Answer 1: When expatriates return to their home country, they go through a process called repatriation. Problems can occur during repatriation. The most significant problem is reverse culture shock. Employees suffering from reverse culture shock have difficulty reentering their home culture and business organization. Surprisingly, most companies do not put much effort toward stopping or minimizing these problems. Surveys have shown that only 31 percent of businesses have repatriation programs. Failure to minimize repatriation problems can have long-term implications for a company. Few candidates will want to take international assignments after seeing what has happened to their colleagues. In turn, many employees will see international work as a negative career move, and it will be much harder to find quality candidates willing to take the job.

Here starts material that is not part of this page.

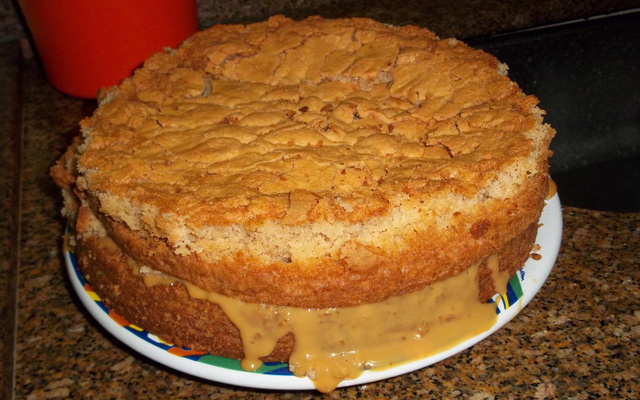 Bolo de canela com doce de leite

There are lots of good resources about Business that you can find available.

Question 2: Describe the steps of a typical international risk management system.

Answer 2: Every successful multinational corporation understands that there are risks involved with international business, and that they must take steps to manage those risks. This is done by implementing a risk management system. A typical risk management system consists of five basic steps. First, an organization identifies its risks. Second, it defines its risk attitude. An organization’s attitude can be risk averse (conservative), risk neutral, or risk taking. In the third step, the company classifies and analyzes its risks. Fourth, it implements risk control mechanisms. Fifth, the organization continues to monitor its risk and update its management system if needed.

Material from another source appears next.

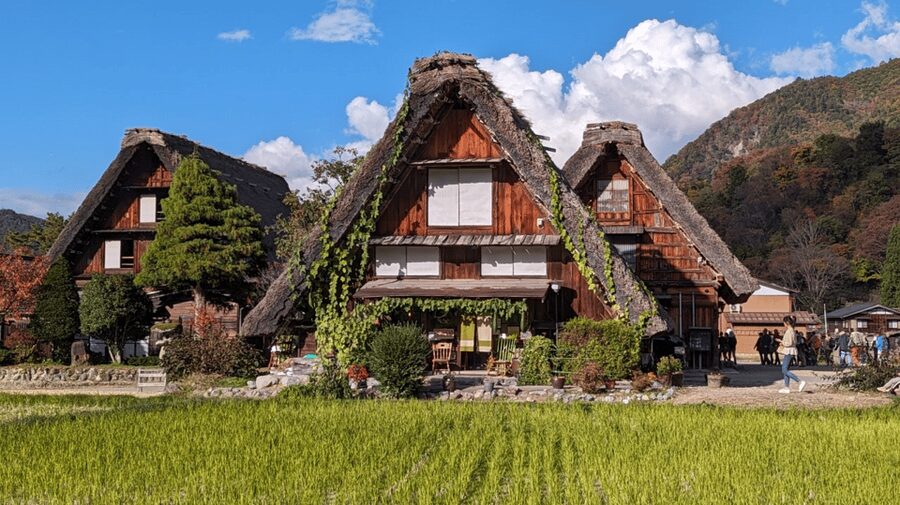 From Takayama: Guided Day Trip to Takayama and Shirakawa-go - Sanmachi’s merchant houses and narrow lanes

Question 3: Describe the different ways an organization may identify risk.

Answer 3: Organizations can choose from many different risk identification processes. One common process covers commercial, country, and financial risks. Commercial risks are the risks of a buyer or supplier failing to uphold their end of a commercial contract. Country risks deal with the risk of wars, political unrest, or economic upheavals in another market. Financial risks include the risk of fluctuations in the value of a currency that is used in transactions. Risks may also exist at the strategic or operational level. The strategic level refers to corporate decisions and strategic objectives, while the operational level refers to production and logistics. A risk identification process could also observe internal risks (such as operational or legal risks), and external risks (such as political or legislative risks).